## What you should do
Wherever the word "años" occurs in the lines below, copy the whole line.

## Data

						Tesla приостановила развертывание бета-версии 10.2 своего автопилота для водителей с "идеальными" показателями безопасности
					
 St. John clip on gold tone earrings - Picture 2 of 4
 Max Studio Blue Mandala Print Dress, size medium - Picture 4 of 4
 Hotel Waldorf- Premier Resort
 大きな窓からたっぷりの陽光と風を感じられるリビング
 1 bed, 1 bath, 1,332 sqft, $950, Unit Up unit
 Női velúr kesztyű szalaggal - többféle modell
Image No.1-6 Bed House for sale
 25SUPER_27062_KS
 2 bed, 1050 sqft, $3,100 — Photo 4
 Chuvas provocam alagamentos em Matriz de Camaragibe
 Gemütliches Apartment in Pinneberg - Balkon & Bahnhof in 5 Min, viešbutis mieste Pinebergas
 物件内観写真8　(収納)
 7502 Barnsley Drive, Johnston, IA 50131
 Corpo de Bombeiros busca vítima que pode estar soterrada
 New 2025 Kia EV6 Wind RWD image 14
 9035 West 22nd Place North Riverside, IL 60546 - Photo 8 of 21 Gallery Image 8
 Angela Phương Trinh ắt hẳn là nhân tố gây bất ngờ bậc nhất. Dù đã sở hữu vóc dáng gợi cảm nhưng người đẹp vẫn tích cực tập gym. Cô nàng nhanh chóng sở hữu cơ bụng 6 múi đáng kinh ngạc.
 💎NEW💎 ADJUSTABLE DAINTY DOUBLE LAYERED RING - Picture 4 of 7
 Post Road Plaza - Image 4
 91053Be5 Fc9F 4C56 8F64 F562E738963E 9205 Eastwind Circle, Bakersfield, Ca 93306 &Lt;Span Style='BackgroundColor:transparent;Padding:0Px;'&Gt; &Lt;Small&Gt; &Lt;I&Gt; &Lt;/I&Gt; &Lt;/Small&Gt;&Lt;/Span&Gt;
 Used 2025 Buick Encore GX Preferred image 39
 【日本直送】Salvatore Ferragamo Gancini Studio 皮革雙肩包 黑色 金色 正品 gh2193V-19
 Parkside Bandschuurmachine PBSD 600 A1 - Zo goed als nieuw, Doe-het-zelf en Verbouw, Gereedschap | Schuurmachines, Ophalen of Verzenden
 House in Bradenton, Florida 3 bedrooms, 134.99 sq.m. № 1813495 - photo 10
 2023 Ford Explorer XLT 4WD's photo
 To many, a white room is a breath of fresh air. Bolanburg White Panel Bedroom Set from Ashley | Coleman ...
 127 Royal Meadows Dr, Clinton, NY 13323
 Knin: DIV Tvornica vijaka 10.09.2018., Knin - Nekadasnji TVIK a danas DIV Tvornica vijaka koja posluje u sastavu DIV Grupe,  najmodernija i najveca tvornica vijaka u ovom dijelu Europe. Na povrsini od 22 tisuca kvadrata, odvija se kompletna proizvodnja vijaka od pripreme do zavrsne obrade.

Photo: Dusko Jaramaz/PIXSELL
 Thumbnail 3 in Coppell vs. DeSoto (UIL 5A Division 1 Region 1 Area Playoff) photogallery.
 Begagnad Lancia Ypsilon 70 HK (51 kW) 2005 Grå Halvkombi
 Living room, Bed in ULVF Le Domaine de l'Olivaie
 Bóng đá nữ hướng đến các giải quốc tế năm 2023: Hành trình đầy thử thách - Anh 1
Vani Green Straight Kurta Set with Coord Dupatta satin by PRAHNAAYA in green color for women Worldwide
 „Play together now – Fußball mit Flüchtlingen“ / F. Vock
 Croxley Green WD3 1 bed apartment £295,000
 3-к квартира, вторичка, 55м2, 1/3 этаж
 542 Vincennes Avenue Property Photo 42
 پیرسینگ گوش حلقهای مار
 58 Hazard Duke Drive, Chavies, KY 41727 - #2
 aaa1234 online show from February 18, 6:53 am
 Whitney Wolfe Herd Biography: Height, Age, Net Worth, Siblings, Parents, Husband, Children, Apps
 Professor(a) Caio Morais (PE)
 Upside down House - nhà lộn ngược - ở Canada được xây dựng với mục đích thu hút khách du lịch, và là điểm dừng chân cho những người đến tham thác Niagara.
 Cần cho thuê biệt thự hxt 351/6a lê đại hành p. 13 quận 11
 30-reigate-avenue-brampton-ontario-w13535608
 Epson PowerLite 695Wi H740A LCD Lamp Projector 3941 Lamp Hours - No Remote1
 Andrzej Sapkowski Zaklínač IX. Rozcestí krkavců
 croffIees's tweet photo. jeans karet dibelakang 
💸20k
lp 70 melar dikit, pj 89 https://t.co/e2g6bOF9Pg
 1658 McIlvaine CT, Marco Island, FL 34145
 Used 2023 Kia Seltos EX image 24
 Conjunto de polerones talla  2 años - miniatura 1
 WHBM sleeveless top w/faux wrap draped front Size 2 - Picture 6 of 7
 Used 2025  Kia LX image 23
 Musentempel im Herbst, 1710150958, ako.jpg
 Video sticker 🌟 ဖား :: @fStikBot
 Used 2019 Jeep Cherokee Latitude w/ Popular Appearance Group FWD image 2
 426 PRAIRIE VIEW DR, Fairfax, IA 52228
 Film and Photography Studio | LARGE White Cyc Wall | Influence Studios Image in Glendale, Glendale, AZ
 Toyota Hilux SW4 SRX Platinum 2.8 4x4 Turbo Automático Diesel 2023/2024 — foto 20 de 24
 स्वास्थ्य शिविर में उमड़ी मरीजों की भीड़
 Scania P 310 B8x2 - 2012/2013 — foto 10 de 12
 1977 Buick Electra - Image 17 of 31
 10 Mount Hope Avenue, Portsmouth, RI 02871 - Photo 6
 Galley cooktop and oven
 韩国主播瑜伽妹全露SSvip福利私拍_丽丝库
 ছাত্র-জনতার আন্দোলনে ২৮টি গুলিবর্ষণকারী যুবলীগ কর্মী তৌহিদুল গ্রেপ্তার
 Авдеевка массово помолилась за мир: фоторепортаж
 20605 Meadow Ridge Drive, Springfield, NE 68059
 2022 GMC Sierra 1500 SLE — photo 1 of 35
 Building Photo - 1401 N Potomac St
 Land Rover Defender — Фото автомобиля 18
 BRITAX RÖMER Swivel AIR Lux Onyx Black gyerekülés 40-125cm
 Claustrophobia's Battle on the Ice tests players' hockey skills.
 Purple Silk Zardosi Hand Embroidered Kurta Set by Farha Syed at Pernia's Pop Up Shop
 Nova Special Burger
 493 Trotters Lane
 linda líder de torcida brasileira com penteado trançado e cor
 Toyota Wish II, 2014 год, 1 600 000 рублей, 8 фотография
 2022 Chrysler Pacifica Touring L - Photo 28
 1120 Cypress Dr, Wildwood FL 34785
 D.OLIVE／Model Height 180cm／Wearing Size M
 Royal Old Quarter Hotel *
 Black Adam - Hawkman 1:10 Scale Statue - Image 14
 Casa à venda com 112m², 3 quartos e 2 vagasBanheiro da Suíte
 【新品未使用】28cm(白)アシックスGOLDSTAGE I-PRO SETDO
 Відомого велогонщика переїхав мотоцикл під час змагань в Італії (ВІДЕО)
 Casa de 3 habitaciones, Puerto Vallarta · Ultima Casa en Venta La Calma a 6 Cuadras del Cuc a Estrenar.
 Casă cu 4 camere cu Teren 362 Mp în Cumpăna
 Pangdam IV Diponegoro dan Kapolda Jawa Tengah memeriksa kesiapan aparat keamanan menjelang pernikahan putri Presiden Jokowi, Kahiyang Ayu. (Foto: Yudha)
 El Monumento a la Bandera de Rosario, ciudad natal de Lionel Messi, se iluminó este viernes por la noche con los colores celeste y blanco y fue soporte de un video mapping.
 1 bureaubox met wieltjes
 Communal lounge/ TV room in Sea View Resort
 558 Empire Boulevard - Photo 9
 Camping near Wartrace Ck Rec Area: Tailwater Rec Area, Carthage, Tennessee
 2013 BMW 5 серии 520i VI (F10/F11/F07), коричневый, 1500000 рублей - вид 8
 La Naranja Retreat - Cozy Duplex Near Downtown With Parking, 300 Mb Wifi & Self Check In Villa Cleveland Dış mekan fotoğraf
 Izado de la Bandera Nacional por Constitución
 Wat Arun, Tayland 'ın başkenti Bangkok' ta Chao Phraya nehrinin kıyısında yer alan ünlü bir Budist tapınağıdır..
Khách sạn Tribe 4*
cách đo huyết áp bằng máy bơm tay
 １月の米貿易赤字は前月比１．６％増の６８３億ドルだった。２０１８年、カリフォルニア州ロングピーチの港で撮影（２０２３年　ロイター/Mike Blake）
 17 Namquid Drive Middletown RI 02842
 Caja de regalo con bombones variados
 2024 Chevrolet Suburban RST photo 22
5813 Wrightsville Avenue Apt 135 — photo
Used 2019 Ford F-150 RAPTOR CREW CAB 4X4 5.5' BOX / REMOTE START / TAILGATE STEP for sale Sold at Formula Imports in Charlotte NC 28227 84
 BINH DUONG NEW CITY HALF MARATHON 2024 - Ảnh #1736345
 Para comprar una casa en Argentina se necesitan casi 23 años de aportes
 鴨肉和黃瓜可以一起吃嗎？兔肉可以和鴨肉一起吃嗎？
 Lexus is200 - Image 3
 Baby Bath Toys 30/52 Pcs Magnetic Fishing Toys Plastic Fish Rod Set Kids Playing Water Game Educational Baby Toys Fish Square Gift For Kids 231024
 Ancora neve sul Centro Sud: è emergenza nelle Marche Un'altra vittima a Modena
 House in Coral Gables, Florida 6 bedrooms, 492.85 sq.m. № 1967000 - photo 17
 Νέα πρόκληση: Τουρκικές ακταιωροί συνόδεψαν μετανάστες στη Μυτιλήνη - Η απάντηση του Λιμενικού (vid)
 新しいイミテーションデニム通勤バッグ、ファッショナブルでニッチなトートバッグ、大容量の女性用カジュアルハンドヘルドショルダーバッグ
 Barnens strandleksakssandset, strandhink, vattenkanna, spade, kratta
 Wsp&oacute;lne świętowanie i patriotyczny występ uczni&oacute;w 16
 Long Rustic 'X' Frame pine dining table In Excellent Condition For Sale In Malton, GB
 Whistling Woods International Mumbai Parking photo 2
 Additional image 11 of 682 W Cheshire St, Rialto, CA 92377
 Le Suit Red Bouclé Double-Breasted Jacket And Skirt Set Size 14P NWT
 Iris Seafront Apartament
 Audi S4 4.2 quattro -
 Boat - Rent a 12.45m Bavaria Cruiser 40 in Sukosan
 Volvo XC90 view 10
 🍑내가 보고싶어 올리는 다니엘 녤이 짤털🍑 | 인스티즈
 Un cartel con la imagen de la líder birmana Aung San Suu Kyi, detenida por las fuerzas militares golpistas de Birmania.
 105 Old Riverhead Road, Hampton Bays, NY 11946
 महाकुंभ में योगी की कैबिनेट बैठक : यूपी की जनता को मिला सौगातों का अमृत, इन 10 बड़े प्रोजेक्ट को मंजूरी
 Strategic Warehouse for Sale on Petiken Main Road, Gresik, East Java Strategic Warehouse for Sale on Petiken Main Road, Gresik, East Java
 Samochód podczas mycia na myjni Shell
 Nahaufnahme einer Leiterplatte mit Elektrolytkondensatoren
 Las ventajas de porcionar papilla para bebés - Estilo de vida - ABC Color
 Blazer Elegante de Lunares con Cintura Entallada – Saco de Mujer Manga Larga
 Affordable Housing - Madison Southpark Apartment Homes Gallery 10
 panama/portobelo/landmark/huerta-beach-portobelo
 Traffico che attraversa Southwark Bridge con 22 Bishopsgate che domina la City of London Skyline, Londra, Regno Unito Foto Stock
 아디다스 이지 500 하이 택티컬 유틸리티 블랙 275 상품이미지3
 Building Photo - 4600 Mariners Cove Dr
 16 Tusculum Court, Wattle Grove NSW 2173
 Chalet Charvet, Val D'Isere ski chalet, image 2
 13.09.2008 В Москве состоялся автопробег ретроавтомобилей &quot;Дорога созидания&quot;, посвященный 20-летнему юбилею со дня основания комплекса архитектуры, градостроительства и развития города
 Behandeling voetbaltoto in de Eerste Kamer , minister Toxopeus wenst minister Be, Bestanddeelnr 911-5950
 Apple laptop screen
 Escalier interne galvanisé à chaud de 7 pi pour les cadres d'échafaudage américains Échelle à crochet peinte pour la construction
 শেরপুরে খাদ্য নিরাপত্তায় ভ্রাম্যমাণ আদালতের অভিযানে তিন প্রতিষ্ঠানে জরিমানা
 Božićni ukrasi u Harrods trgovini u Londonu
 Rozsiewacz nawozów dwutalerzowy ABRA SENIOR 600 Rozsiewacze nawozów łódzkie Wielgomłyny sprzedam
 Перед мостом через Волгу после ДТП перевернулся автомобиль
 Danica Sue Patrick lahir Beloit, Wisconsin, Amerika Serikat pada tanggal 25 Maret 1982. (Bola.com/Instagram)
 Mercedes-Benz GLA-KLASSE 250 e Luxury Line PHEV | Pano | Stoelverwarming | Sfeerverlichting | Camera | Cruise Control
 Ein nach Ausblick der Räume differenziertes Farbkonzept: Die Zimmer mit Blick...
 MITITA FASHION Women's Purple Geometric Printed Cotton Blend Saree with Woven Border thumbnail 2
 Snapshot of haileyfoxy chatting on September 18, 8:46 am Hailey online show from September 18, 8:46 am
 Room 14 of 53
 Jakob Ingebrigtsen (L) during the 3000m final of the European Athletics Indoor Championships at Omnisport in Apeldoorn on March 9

## Finished task
 Conjunto de polerones talla  2 años - miniatura 1
 Para comprar una casa en Argentina se necesitan casi 23 años de aportes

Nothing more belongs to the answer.